Cooking Instructions

1. To make the malva sponge, preheat the oven to 190°C. In a bowl, whisk together the flour, baking powder and bicarbonate of soda. 2 In the bowl of a stand mixer, beat together the sugar, eggs and salt at a medium speed for about 2 minutes, or until the batter is thick and pourable. Reduce the speed to low and beat in the jam until incorporated, then mix in the melted butter and vinegar. 3 Add a third of the milk, then half of the flour mixture.
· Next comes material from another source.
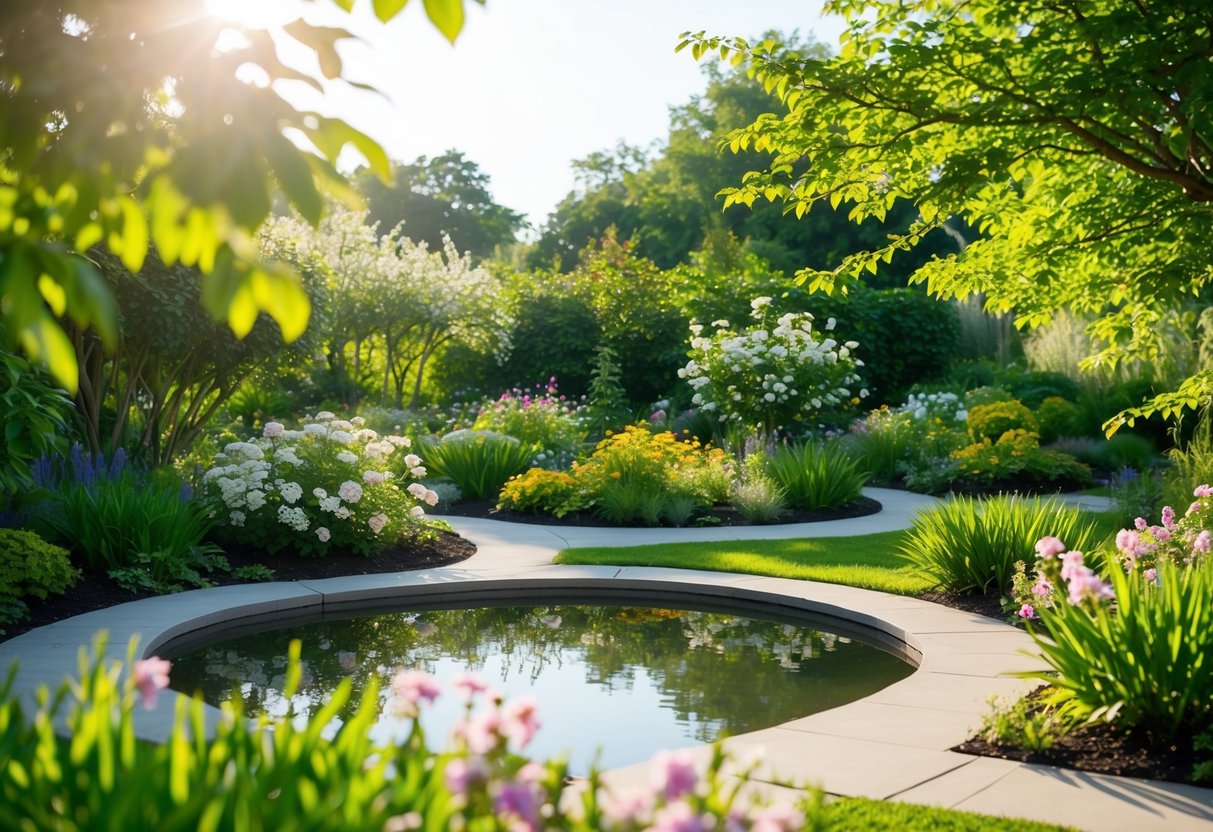 A serene garden with a winding path, blooming flowers, and a peaceful pond surrounded by lush greenery. A soft breeze rustles the leaves as the sun gently illuminates the tranquil setting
Add another third of the milk, then the remaining flour. Finally, add the remaining milk and stir until smooth. If there are large lumps, whisk briefly, just until the batter is smooth.
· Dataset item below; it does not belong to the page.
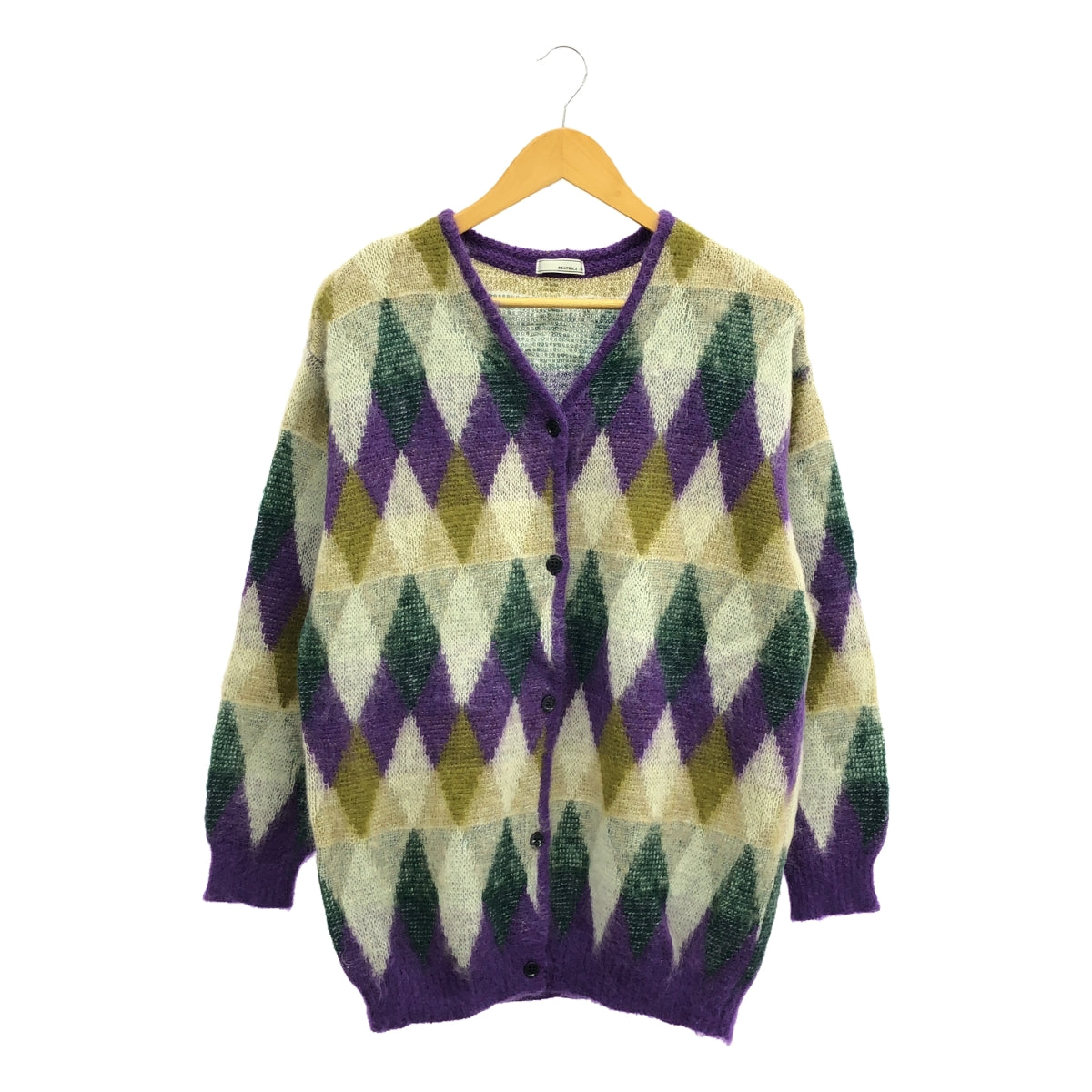 BEATRICE | Wool Mohair V-neck Argyle Cardigan | 38 | Purple | Women's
4. Pour the batter into a 24 x 15 cm greased glass ovenproof bowl and bake for 40 minutes. Remove from the oven and poke holes into the cake using a wooden skewer. Pour over the cream, then chill overnight.

5. To make the custard buttercream, mix the custard powder and a little milk in a small saucepan to form a paste. Add the remaining milk and whisk well until smooth. Add half the sugar and mix well. Cook over a low heat, stirring continuously to prevent lumps, for about 7 minutes or until very thick. Transfer to a bowl and cover with clingwrap.

6. Place the butter and remaining sugar in a bowl and beat well, scraping down the sides of the bowl as necessary, until light and creamy. Add the salt to the cold custard and beat well. Add half the milk or cream and beat until smooth and there are no more sugar granules; this can take up to 5 minutes. Mix the custard and buttercream.

7. Remove the cake from the bowl and spread over the custard buttercream. Decorate with edible flowers.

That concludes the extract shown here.